■ **WHAT YOU WILL DO**
Records follow. Print exactly the lines from the one that has "Ein Wohnzimmer mit" through the one that has "Gold-tone cross pendant", inclusive, and omit the pictures.

■ **DATA EXCERPTS**
####

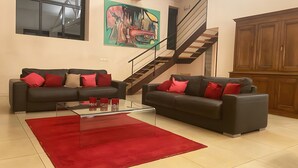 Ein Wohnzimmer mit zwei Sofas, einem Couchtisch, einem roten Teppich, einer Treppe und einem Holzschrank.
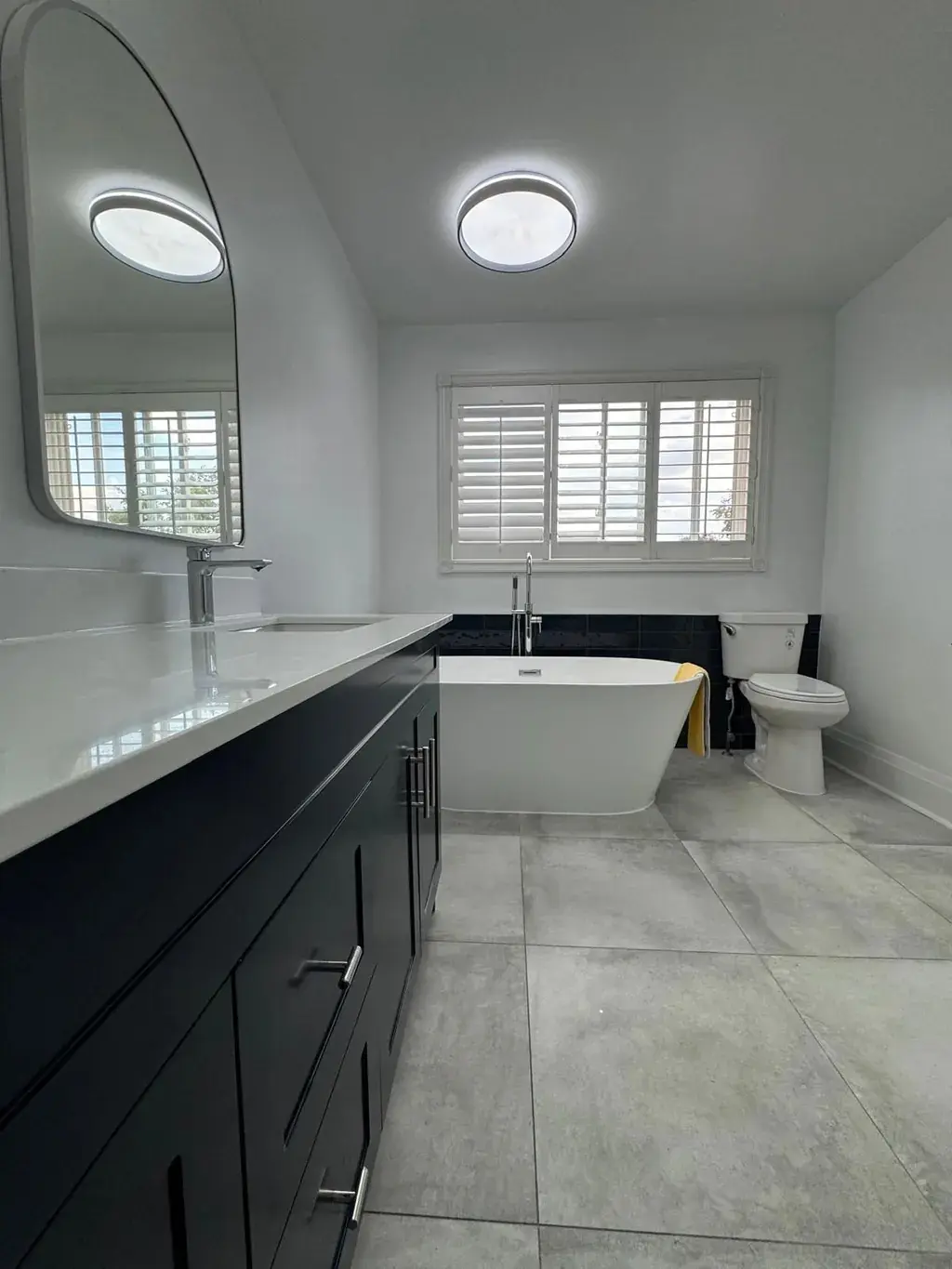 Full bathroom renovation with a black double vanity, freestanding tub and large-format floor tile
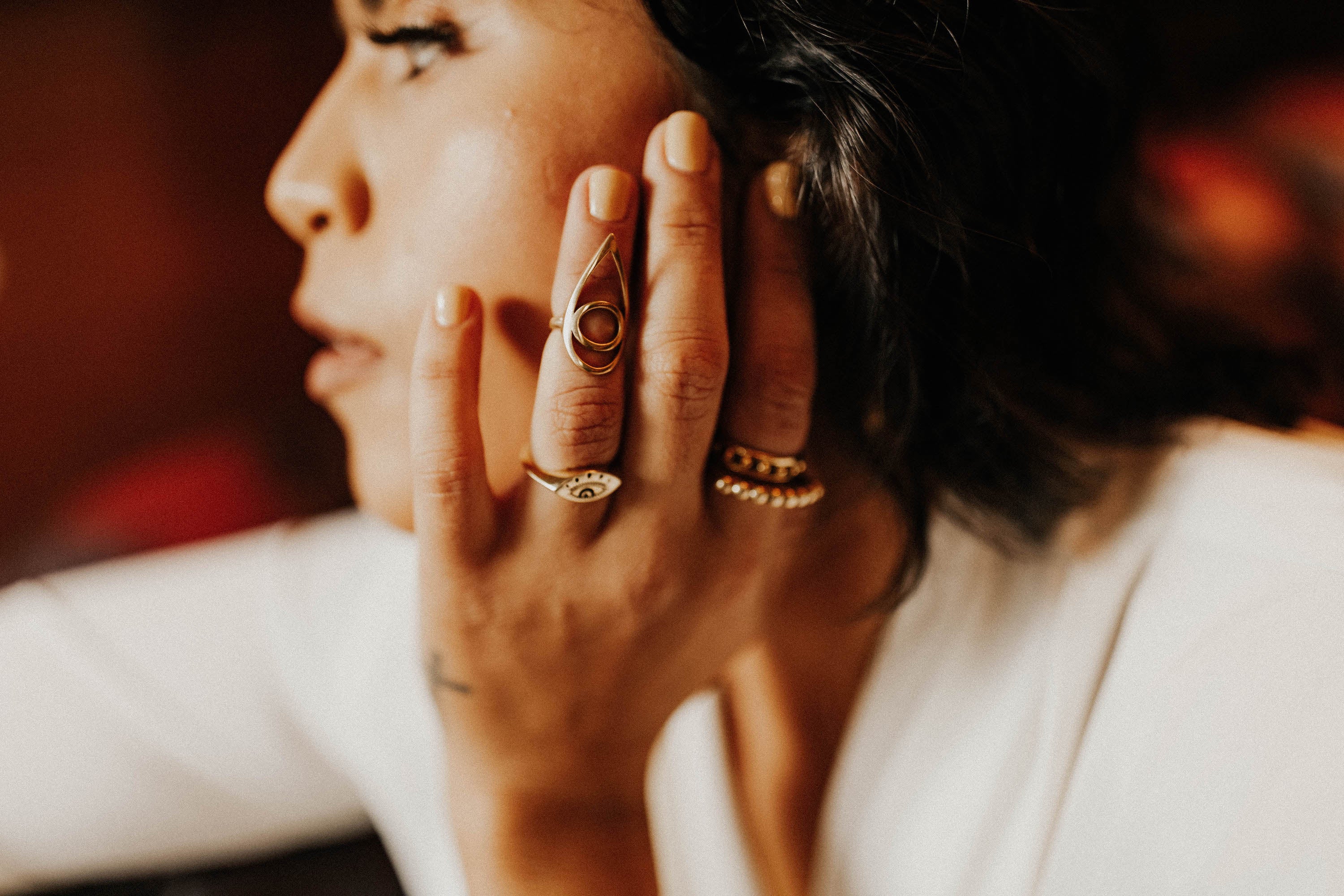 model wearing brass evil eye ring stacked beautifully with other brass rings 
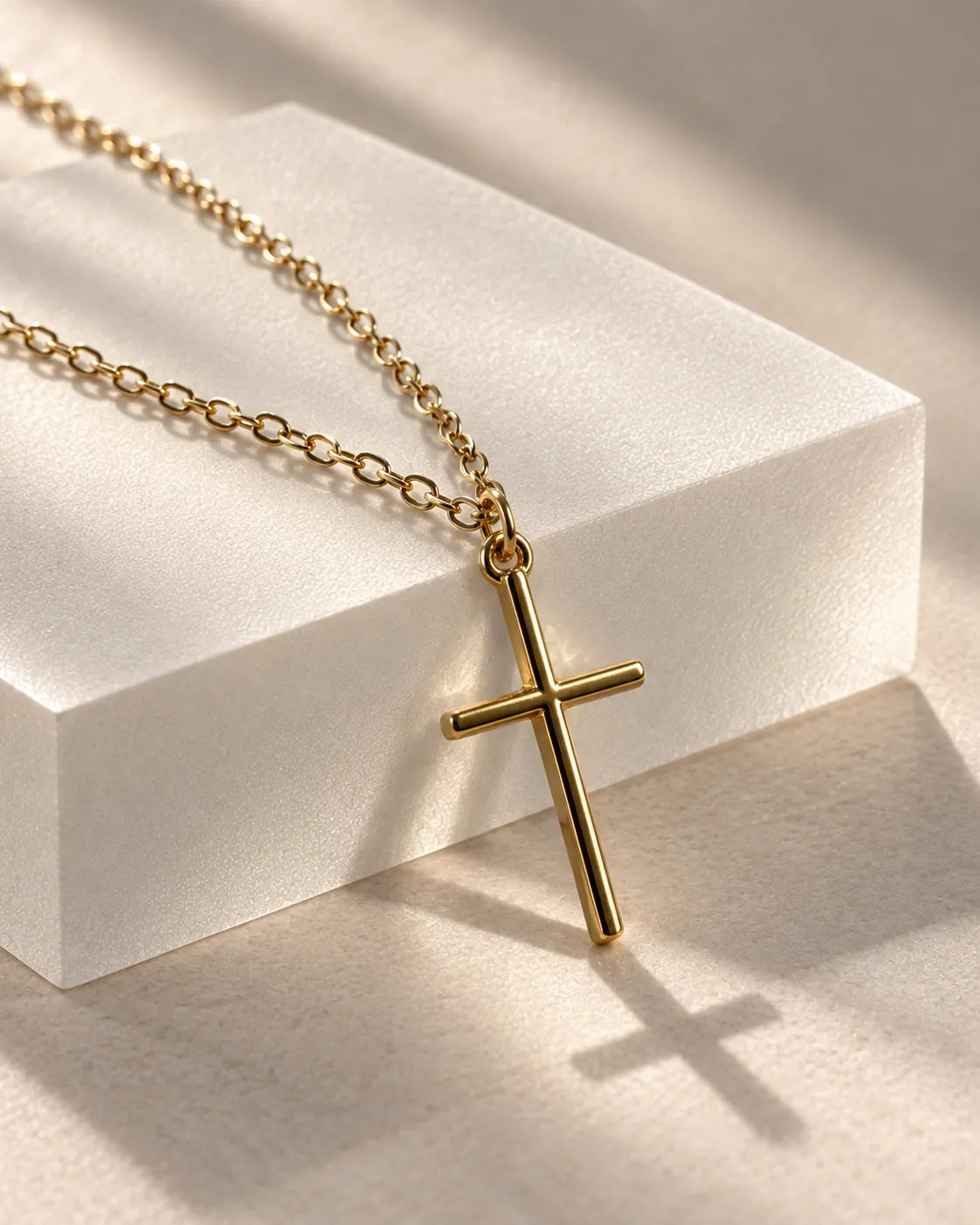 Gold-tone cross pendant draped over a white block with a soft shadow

####

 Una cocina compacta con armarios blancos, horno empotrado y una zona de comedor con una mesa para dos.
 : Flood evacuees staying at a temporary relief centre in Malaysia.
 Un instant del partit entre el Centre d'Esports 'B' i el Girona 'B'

####

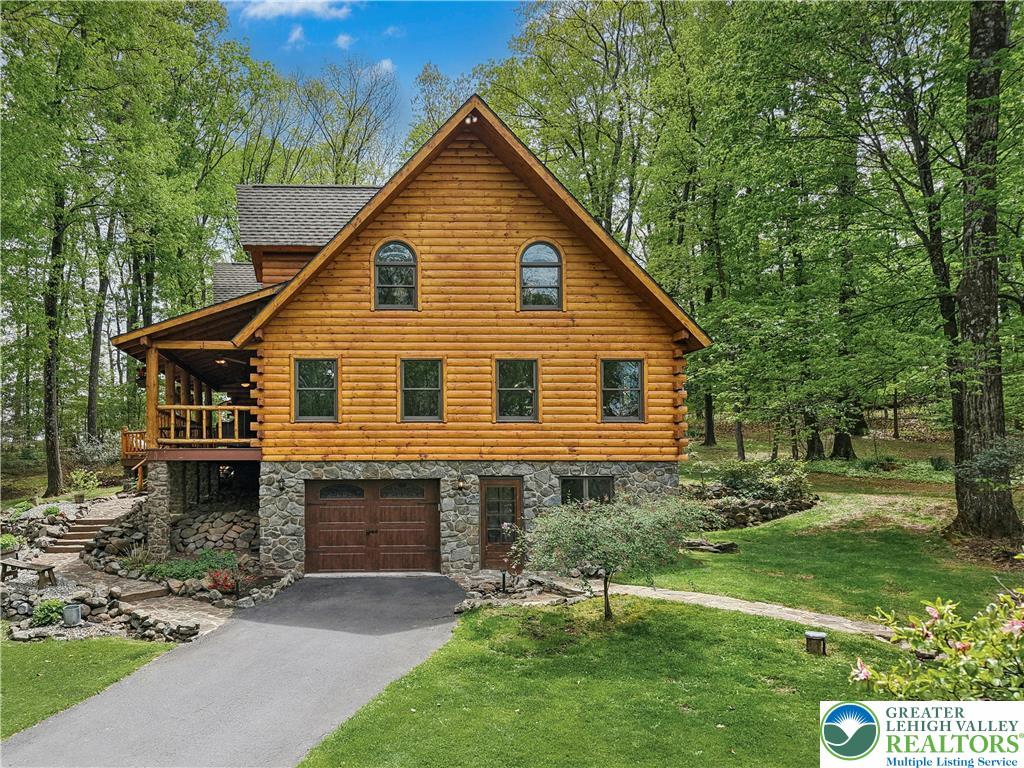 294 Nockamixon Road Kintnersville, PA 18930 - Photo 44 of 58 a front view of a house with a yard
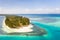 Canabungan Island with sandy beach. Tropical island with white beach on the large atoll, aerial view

####

■ **ANSWER BOX**
 Ein Wohnzimmer mit zwei Sofas, einem Couchtisch, einem roten Teppich, einer Treppe und einem Holzschrank.
 Full bathroom renovation with a black double vanity, freestanding tub and large-format floor tile
 model wearing brass evil eye ring stacked beautifully with other brass rings 
 Gold-tone cross pendant draped over a white block with a soft shadow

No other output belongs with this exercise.